Whole World Botanicals

World Wide Food Crisis is Also Affecting Peru

Elena reports that Peru has not escaped the worldwide food crisis which has sharply raised the prices of food staples such as corn, wheat, and rice in the last three months. One of the reasons for this sudden and exaggerated rise in food prices is the increasing use of food plants for biofuel, which has meant taking millions of acres out of food production and into energy production, thus reducing the available supply of food. Another contributing factor to this food crisis is the unprecedented number and severity of natural disasters-part of our climate change crisis, including droughts and floods which have ruined crops and reduced the available food supply.

The third factor which you won't see discussed on network TV

But there is a third factor, which may well be the most decisive one and it has been building for decade. With the signing of free trade agreements between developed countries, such as the U.S. and developing (or third world) countries, U.S. wheat and corn, heavily subsidized by the U.S. government has been allowed to enter the poor countries and compete with the small farmers who grow wheat, corn, and rice locally, essentially putting them out of business by "dumping" - selling their products below the cost of production - made possible by government subsidies. Much of the worldwide food supply is now in the hands of mega million dollar corporations which trade on the stock exchange. This food is treated like any other commodity and can be purchased on the futures market and become an important part of the hedge fund portfolio of large investors. Since local small farmers have been put out of business by these (foreign) corporations, allowed to enter the country by the free trade agreement, the people of many developing countries are largely dependent on imported food. Corporatized food, like corporate oil, doesn't have to respond to the market forces of supply and demand. It can store its grains for long periods of time, waiting for buyers to purchase it at its inflated price. These seemingly impersonal and morally neutral business transactions are creating desperate populations who cannot afford to buy the barest food necessities for their families.

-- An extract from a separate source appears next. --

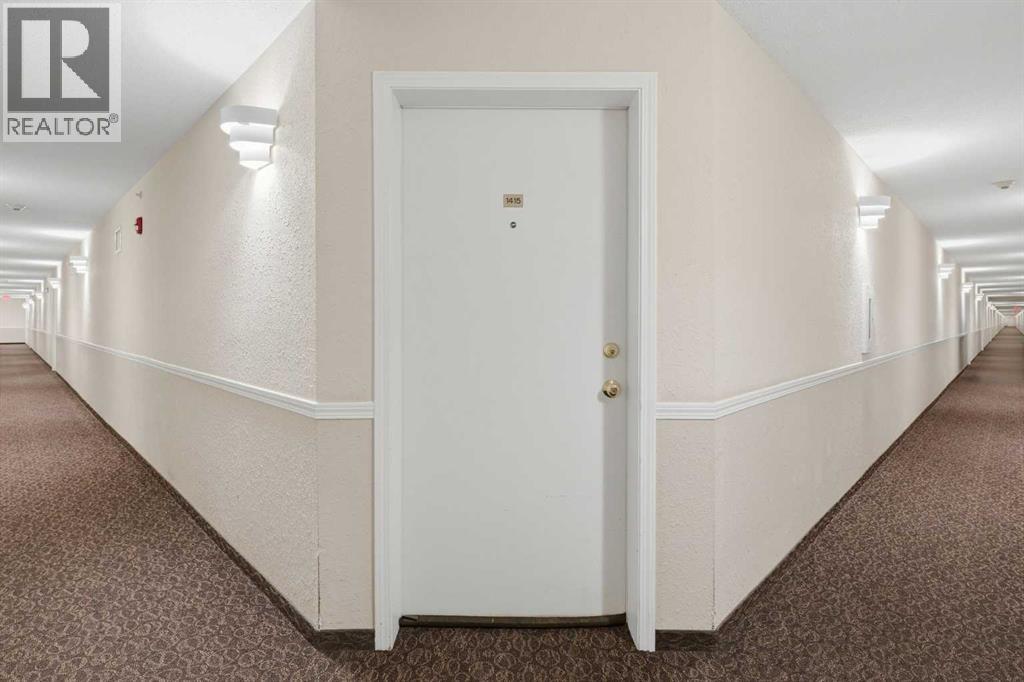 1415, 6224 17 Avenue SE - photo 35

More than 1,000 women, run food kitchens for the poor, where Peruvians can buy breakfast or lunch for less than a dollar, protested outside Peru's Congress in April banging empty pots and pans to demand the government increase their food subsidies by 30%. Last month (May), Alan Garcia, President of Peru, after cutting taxes on imported food, began sending in the army at night to hand out free bags of food in the poorest neighborhoods of Lima, the capital. This was both a humanitarian gesture and political common sense since the global food crisis has raised concerns about political instability in many countries. Government subsidized eating halls in Peru are being flooded with hundreds of thousands of people per day. According to Reuters, 42% of the Peruvian population, or 12 million people, live in poverty. [Information taken from Reuters News Service]

In April (last month) there were street demonstrations in Lima, Peru, shown on CNN TV to protest the high food prices and the Peruvian government has begun to buy up food staples and distribute them at night to the poorest urban dwellers with the help of the Peruvian army.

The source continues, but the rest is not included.